Das Wesen des Individualismus liegt in der moralisch relevanten Ungleichheit. Der Missbrauch beginnt dort, wo die Ungleichheit auf Wohlstand gründet, und nicht auf Fähigkeiten; auf Geburt, und nicht auf Talent; auf der Position in der gesellschaftlichen Hierarchie, und nicht auf Begabung; auf Geld, das sich auf andere übertragen lässt, und nicht auf Handlungen oder Erzeugnissen, die nur von einem selbst vollbracht oder produziert werden können. Diese Verzerrungen zeigen das Ende einer individualistischen Gesellschaft an. Ökonomische Ungleichheit erzeugt ein System, das alle Menschen drastisch einschränkt, indem sie jedem Einzelnen einen Platz in einer Rangordnung zuweist, die in der Hölle beginnt und bis zum Mond reicht. Der gemeinsame Maßstab des Dollar führt dann dazu, dass diese so genannten »Individualisten« sich alle an denselben Interessen und Begierden ausrichten, so dass praktisch nichts Individuelles mehr übrig bleibt.
Immer wieder hört man, dass es allen umso besser geht, je reicher die Reichen sind. In Wahrheit sind die Dick Cheneys dieser Welt allerdings deshalb so übergewichtig, weil sie den anderen das Essen wegfressen. Die Lehre von der Trickle-down-Ökonomie ist nichts anderes als eine Ernährungsphilosophie: Je mehr die Reichen essen, je mehr Schwarten sie sich in die Rachen stopfen, desto stärker profitieren angeblich wir auf den unteren Stufen der sozialen Pyramide. Selbst wenn das wirklich funktionieren würde, würde man doch nie den Gedanken los, dass alles, was da an uns weitergereicht wird, bereits vorgekaut wurde und durch die Mägen von Menschen gereist ist, die reicher sind als man selbst. Es hat zunächst einmal sie sehr viel fetter gemacht und denjenigen Nahrung im Übermaßverschafft, die es nicht verdienen.
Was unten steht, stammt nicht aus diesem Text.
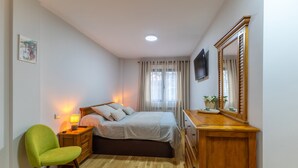 Ein Schlafzimmer mit Bett, Nachttisch, Lampe, Sessel, Kommode, Spiegel, Fernseher und Vorhängen.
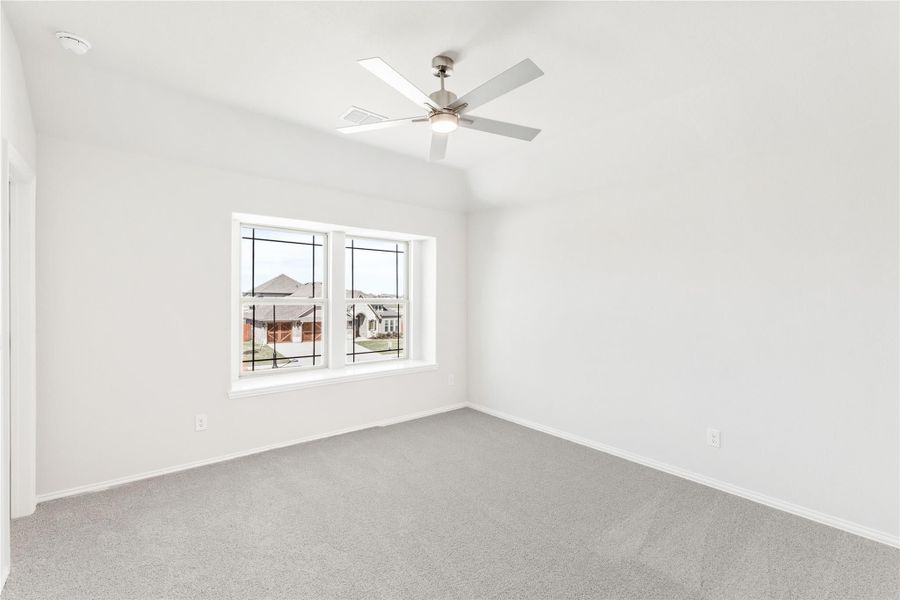 Empty bedroom with gray carpet, ceiling fan, vaulted ceiling, and double window with neighborhood view Empty bedroom with gray carpet, ceiling fan, vaulted ceiling, and double window with neighborhood view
Auch ihre Denkmäler, die wir so sehr bestaunen, sind aus Abfällen errichtet. Aber warum die Welt als Exkrement erwerben? Warum sollten wir sie nicht in ihrer moralisch ursprünglichen Form an uns nehmen? Ohne den Umweg über die Reichen?
§ Gesetzesinitiative Nr. 3: Es wäre am sinnvollsten, wenn wir einen Präsidenten und einen Vizepräsidenten hätten, die dem Wohlstand auf ewig abschwören würden. Wer im Namen des demos herrscht, muss nicht aus dem demos kommen. Aber er sollte zu einem Teil des demos werden. Er sollte zu den Menschen gehören, für deren Unterstützung er vor allem verantwortlich ist – und das bedeutet: zu uns.
Rückentwicklung ist das zweite Katastrophenszenario, das Gegner meines Vorschlags für den Fall vorhersehen, dass wir dem menschlichen Glück Vorrang vor der Produktivität einräumen. Über Jahrhunderte hinweg spukte in den Hinterköpfen der westlichen Welt die Vorstellung herum, die technologische Entwicklung könne irgendwann einen Punkt erreichen, an welchem eine demokratische Gemeinschaft der Ansicht sein würde, dass es nun reiche oder dass man die Richtung ändern müsse – so wie die Einwohner Erewhons, die in Samuel Butlers gleichnamiger Utopie ihre Maschinen zerstören.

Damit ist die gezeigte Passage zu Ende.